The two-hour service at St Andrew's Cathedral in Glasgow on Monday will be a standard Catholic requiem mass with embellishments because of the cardinal's position. It will contain more music than the normal requiem mass, and will last longer, with more clergy.

The service features several of the church leader's favourite hymns, including Be Still My Soul and Lord, You Have Come To The Seashore, which is a Spanish hymn that he would often ask primary schoolchildren to learn for their confirmation.

The choir will be the St Mungo's Singers, the archdiocesan choir.

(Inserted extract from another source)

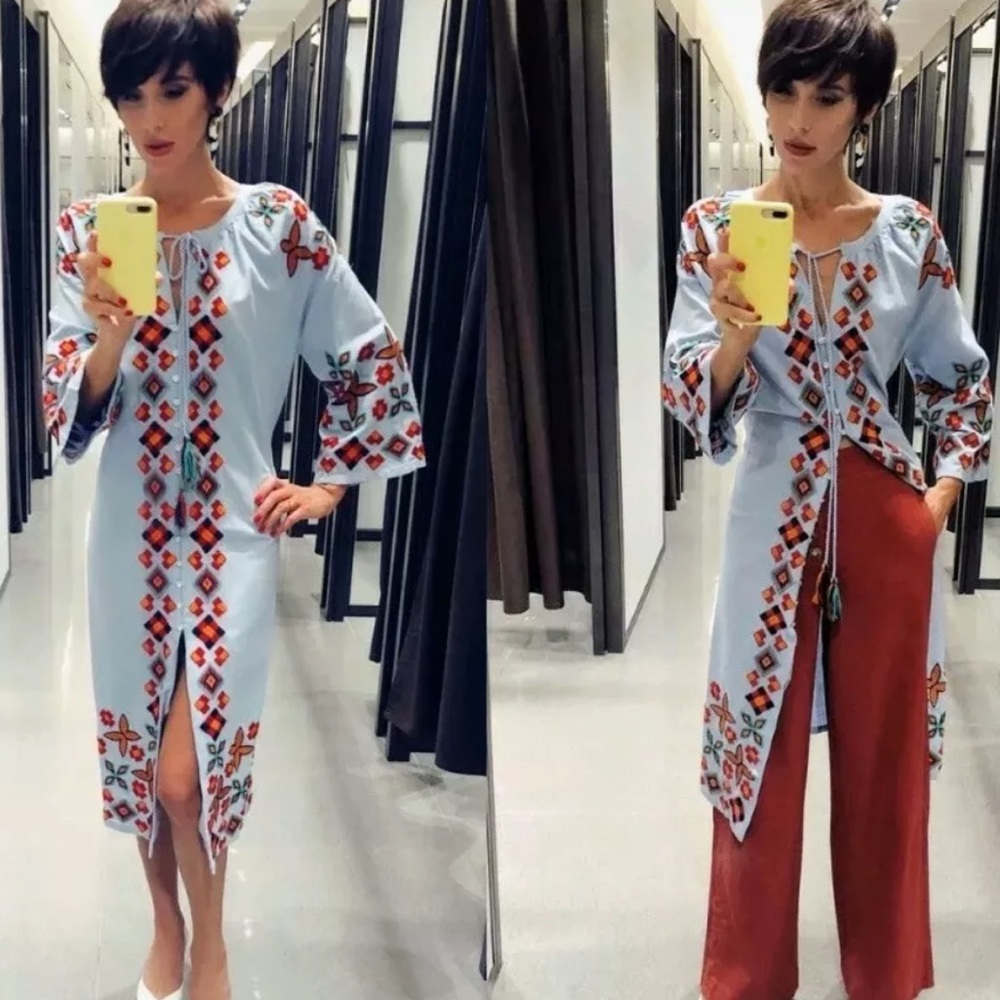 ZARA EMBROIDERED MIDI DRESS WAISTBAND BELT TASSELS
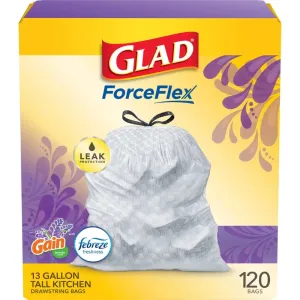 ForceFlex 13-Gallon Kitchen Trash Bags, Gain Lavender Scent and Febreze, 120 Bags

Members of the clergy attending the service will wear white instead of black and purple, as a sign of hope and resurrection.

Cardinal Cormac Murphy-O'Connor, the archbishop of Westminster, will be the main celebrant of the mass, with the main sermon read by the Bishop of Motherwell.

The cardinal's family has asked mourners not to bring flowers but instead to make donations to the Pro Life Initiative, set up by the cardinal in March 1997 to offer help to women facing crisis pregnancies.

Rose Docherty, development officer for the initiative, said: ''There have been steady donations coming in since his death.

''Mail has been coming in daily so there certainly has been an increase in donations to the initiative. It is a lovely gesture and I am sure it is one which the cardinal would have approved of, that the money will be going to something a bit more lasting.''

At the end of the service, the cardinal's coffin will be sprinkled with holy water as a reminder of his baptism, and incense burned as a symbol of prayers rising up to heaven.

His coffin will be buried in the crypt alongside his predecessors.

Cardinal Winning died last Sunday from a suspected heart attack at his home in Glasgow at the age of 76, just two days after receiving treatment for a previous heart attack.

The reception of the cardinal's remains will take place with evening prayer tomorrow at 7pm in St Andrew's Cathedral, Clyde Street, Glasgow. The service is private and the congregation of 600 will be made up mostly of representatives from each of the 107 parishes in the archdiocese of Glasgow.

The cardinal's funeral mass will take place at the cathedral at 12 noon on Monday. Entry is by ticket only.